La silver économie se confond souvent avec la gérontechnologie… Est-ce là le potentiel de la silver économie ?

La silver économie est une économie de la longévité, qui cherche à contribuer au bien vieillir. Il est question d’innovations technologiques, certes. Mais le gros de la silver économie, ce sont les services à la personne, les maisons de retraite. Et les innovations qui peuvent s’y diffuser se situent autant sur le terrain de l’organisation que des produits. Les robots peuvent aider, mais il y a beaucoup d’humain. Et il ne s’agit pas forcément de haute technologie. L’accessibilité en matière économique et d’usage est primordiale.

N’y a-t-il pas un certain paradoxe à vanter le potentiel de la silver économie quand on sait les difficultés actuelles à financer la dépendance ?
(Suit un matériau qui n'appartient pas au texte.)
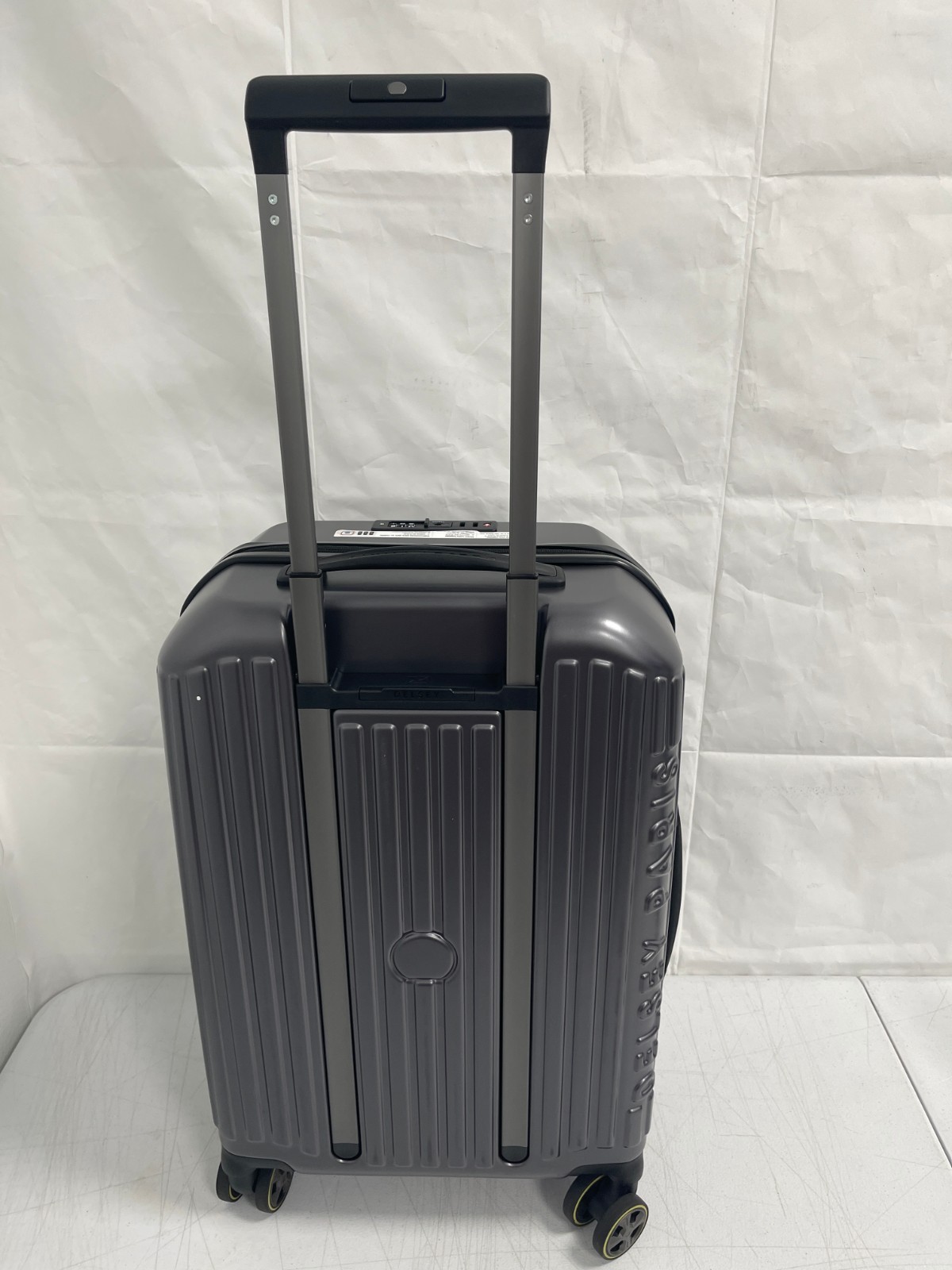 Delsey Paris 22" Front Lid Carry-On Hardside Spinner Luggage, Graphite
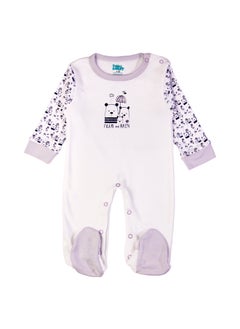 Babies Basic 5 Piece Unisex 100% Cotton Gift Set Include Bib, Romper, Mittens, Cap And Sleepsuit/Jumpsuit- Rain  - Image 3
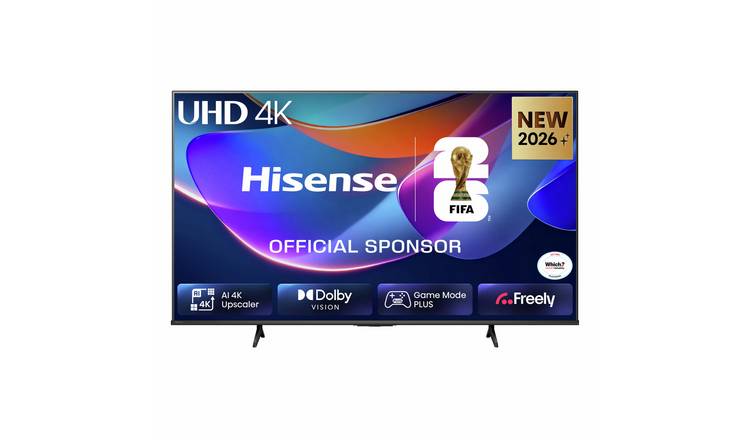 Hisense 55 Inch 55A6STUK Smart 4K UHD HDR AI Freely TV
Il y a une problématique de choix politiques et de moyens. Pourquoi valorise-t-on si peu les actions, importantes et génératrices d’emplois, de ceux qui s’occupent de nos parents ? Au lieu de cela, on nie les plus fragiles. Il y a une vision de la silver économie qui veut que tout le monde soit riche et dépense alors que certains n’ont pas les moyens de financer la maison de retraite. Mais il ne faut pas pour autant opposer l’humain et la technologie. Celle-ci peut permettre de laisser plus de temps au contact, au relationnel.
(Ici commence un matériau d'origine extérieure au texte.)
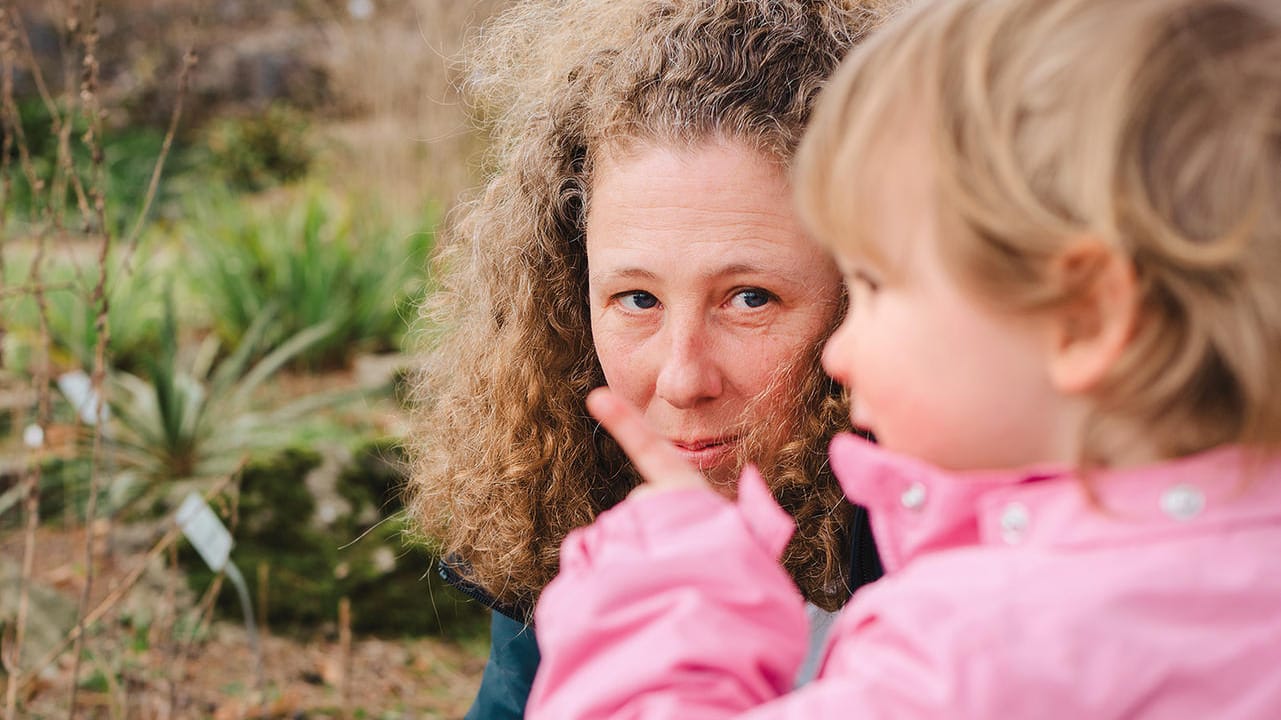 Judith Schümmer mit Tochter Sofia: Sie erzählt, man kam sich manchmal doof vor zu weinen, weil es andere Kinder viel schlimmer getroffen hatte.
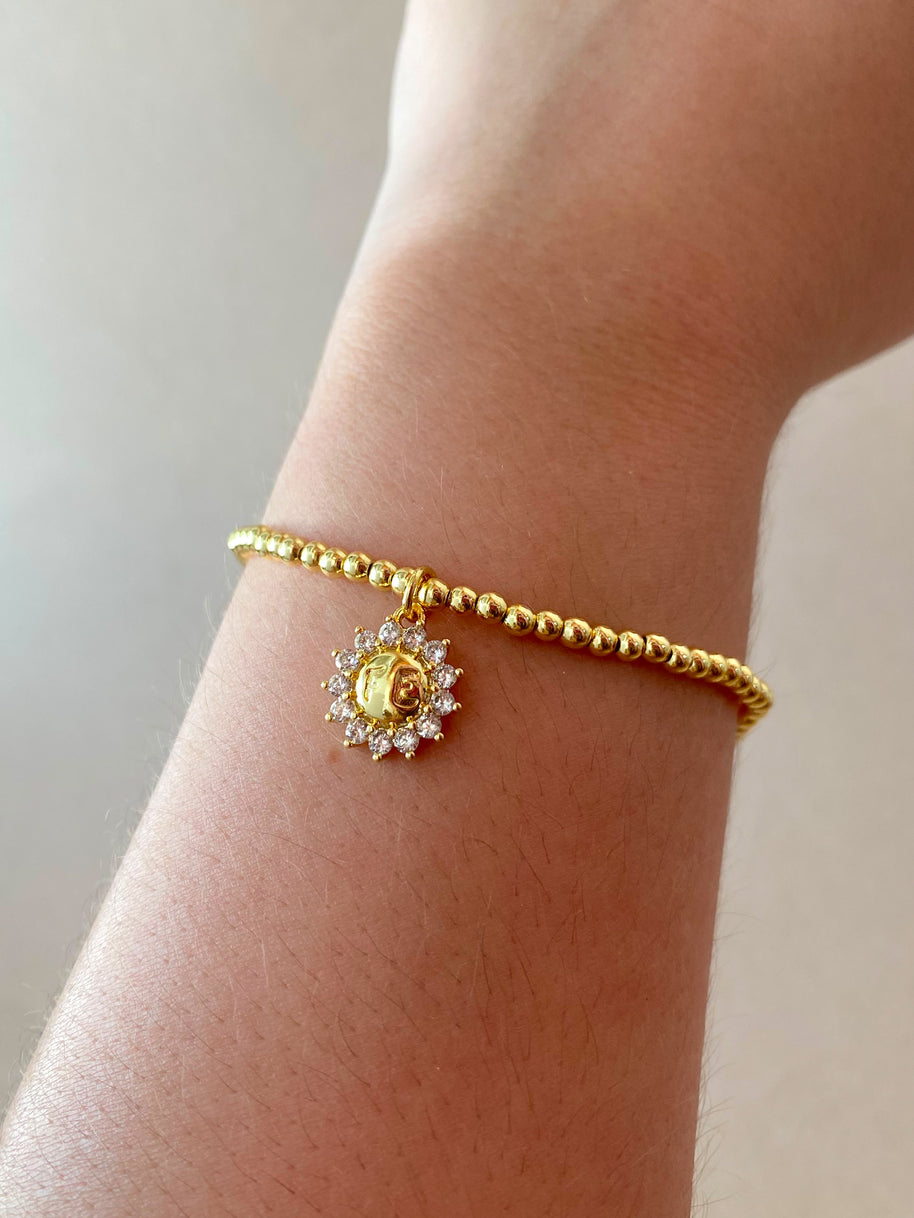 Star, White Heart and Faith Charms Elastics Bracelets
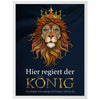 Poster hier regiert der König, Löwe, Königin, Afrika, Tiere M0085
La silver économie était, hier, le nouvel eldorado. Qu’en est-il réellement ?

On croit dans le totem du chiffre et de la technologie… Oui, la silver économie va apporter du développement économique et de l’emploi. Mais le gros de l’emploi, ce sont les services à domicile et les maisons de retraite qui vont le créer. La silver économie, c’est d’abord de l’humain. Il ne faut pas l’oublier, tout en ayant à l’esprit que des innovations très intéressantes vont se développer.

Quel est l’avenir de la silver économie ?
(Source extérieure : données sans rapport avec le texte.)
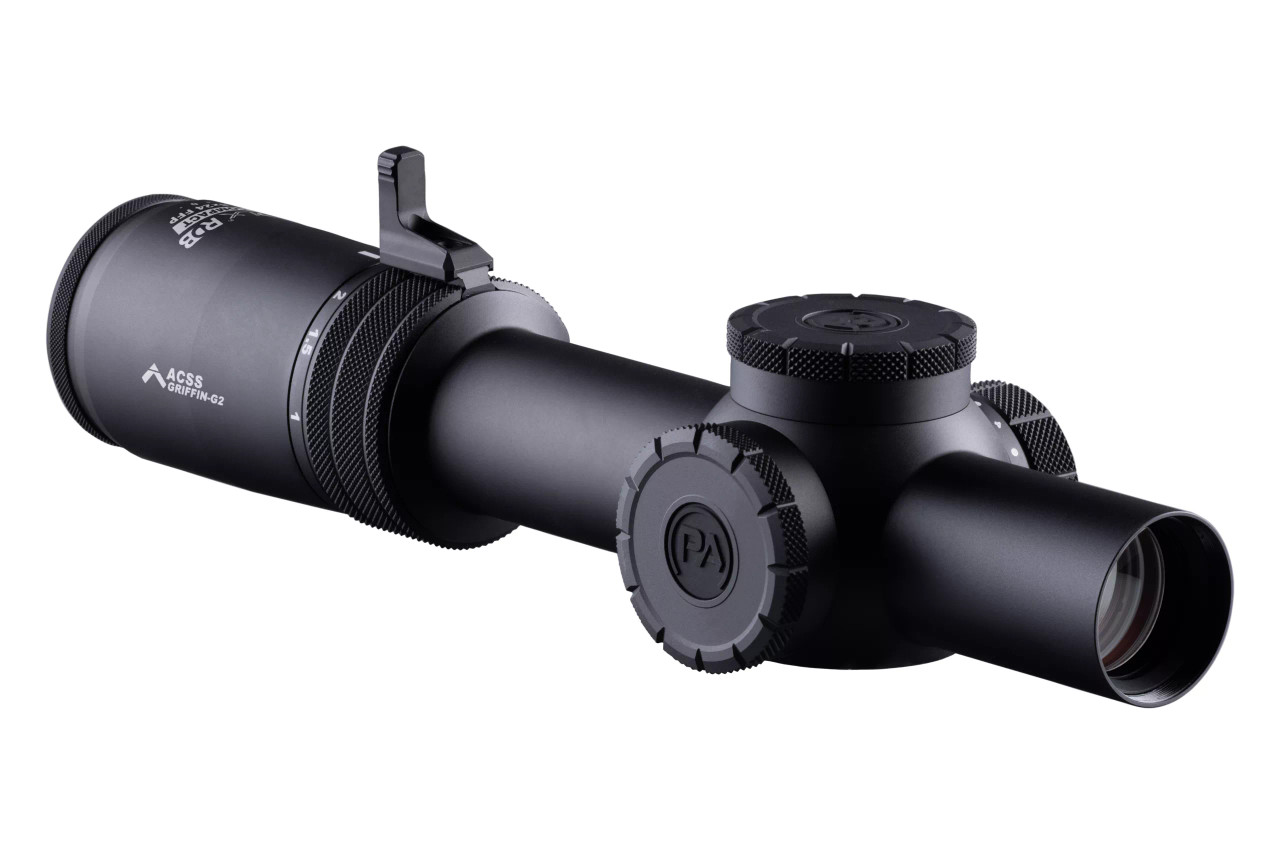 P. FSQ VP#2 × P. Griffin Mix spore【24】 Primary Arms Compact PLxC 1-8×24 FFP RDB Rifle Scope – ACSS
Le Vieux Continent va mériter son nom, celui d’un continent de vieux. La silver économie va représenter un marché majeur pour l’Europe entière. Mais il sera fait de solutions qui répondront aux besoins. Les autres vont disparaître. A l’Etat de savoir quoi subventionner. Il faut que le bénéfice soit suffisant par rapport à l’investissement. On le voit avec l’explosion de la domotique : le gain d’amélioration de vie n’est pas si simple. On compte le nombre de gens qui accèdent à un produit, mais pas ceux qui arrêtent ce même produit pour des raisons d’accessibilité. Il faut voir si ces produits servent avec les usagers eux-mêmes.